I depart Siem Reap and am picked up from Samatika after breakfast. I had arranged a private bus ticket to Bangkok which seemed like a smart idea. It was cheap, the vehicles had AC, and there were no direct flights. So I have a sad goodbye with the staff, and get into an airconditioned car. This turns out to be the only good part about my ensuing trip to Bangkok. The ball had to drop somewhere.



I get dropped off on the side of some road after a wordless 15 minute drive, and sit on the curb with a lot of other people with luggage, so I assume I'm in the right place, though am given no instruction. After about 30-45 minutes of waiting in the heat, a bus pulls up and our tickets are checked and we are ushered in like cattle, again with no words communicated. The ride goes on for another 3.5 hours. Fortunately, there are passengers who have made this trip before, and they assure me I'm in the right place. The bus is cramped but there is AC. Happy I'm short and smallish so I can cram into the seat.



We arrive at what appears to be the Cambodia/Thai border, and we get off the bus with people screaming in Cambodian, but no comprehensible directions are given. Everyone has concerned and confused looks on their faces. As I get out, the man takes my ticket stub and puts a red sticker on my shirt, and looks at me like I'm cattle getting branded and herded. So I follow what seems to be some other tourists to the Cambodia border. I hand in my documents after filling out some paperwork and waiting in the wrong line for 20 minutes until a kind soul ushers me to the right place. There are no signs, no instruction, and absolutely nothing is comprehensive. The border control officer is not happy that I didn't print off my e-visa, (what's the point of an e-visa if you have to print it?!?) but fortunately after a lot of finger jabbing and pointing they allow me through. I have no idea where to exit, but walk in the direction of some white faces with luggage, and I get in the back of a very long line. I have reached the Thailand customs office. I fill out some more paperwork and after 90 minutes in line, I go through customs without issue. Again, I find some door to walk out of, and arrive in Thailand on a dirty road and extreme heat and not a soul I recognize, not even white people. I somehow was absorbed into a tour bus group headed some place I was not going. So I put my head down into the dust and start showing my red sticker to random people in hopes that someone would know where I was supposed to be. Finally about the 10th person did, and shuffled me to another hot street curb with some other travelers. When I arrive, a man starts pawing at my chest, and after I look at him in disgust I realize he is trying to mark my red sticker. I allow him to write something that looks like the number 18.



Another thing, these bus drivers and directors are mean. Like really mean.

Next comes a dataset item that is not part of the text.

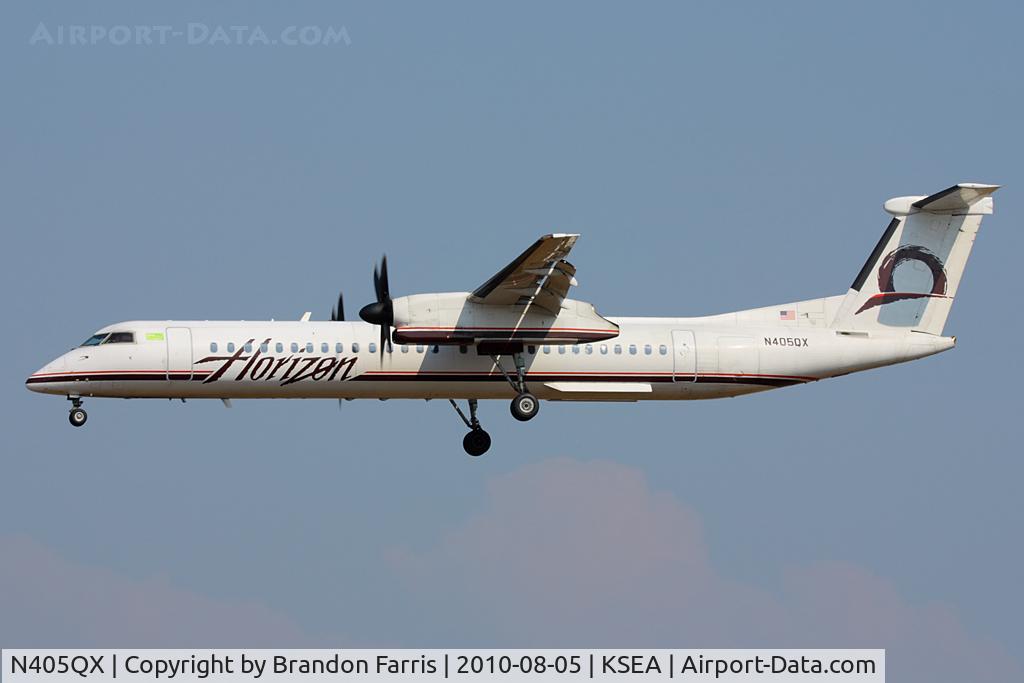N405QX, 2001 Bombardier DHC-8-402 Dash 8 C/N 4047, Coming in on 34L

As if they have a personal vendetta against tourists. They have a deep harshness and brutality to them which just erupts with their speech and their glares. After about another 30 minute wait, we get yelled at for not following a random guy and get put on a cattle car. After a 10 minute ride we get dropped off at a restaurant for lunch and are told it will be another 30 minutes. Some people order sad looking lunches and we sit... And wait. No a/c, no fans, holes in the ground for toilets. We ultimately wait at least 2 hours. I figure out that there are vans coming from Thailand to the border for those going the opposite way to Siem Reap, and once these arrive, they fill them back up with tourists going the other way to Bangkok. Our numbers on our stickers indicate our boarding order (again, I just deduce this) so I wait until a mumbled 18 is called and I get on a full minivan. A Japanese couple gets screamed at in their faces for not coming when their number was called. Of course, they just didn't understand.



I wish things got better - they don't. Our driver is on a suicide mission and wants to take us all with him. I'm pretty convinced we are driving on a closed road for much of the time and we hit bumps at speeds so high our heads could touch the ceiling. We stop at a petrol station, and when some of us don't get of the van in fear of being left behind, the driver slams his open palm against a sign over and over screaming "HELLO!!!!" The small illegible sign indicates we should get off the van while it refuels.



One more encounter was when I tried to get my purse I had left on the van. As I walk to the door, he kicks it shut in my face. Yeah. As we left that stop, he almost left a woman behind, but I realized she wasn't on board, and yell for him to stop. He screams and slaps some more but allows me to run out and fetch the passenger.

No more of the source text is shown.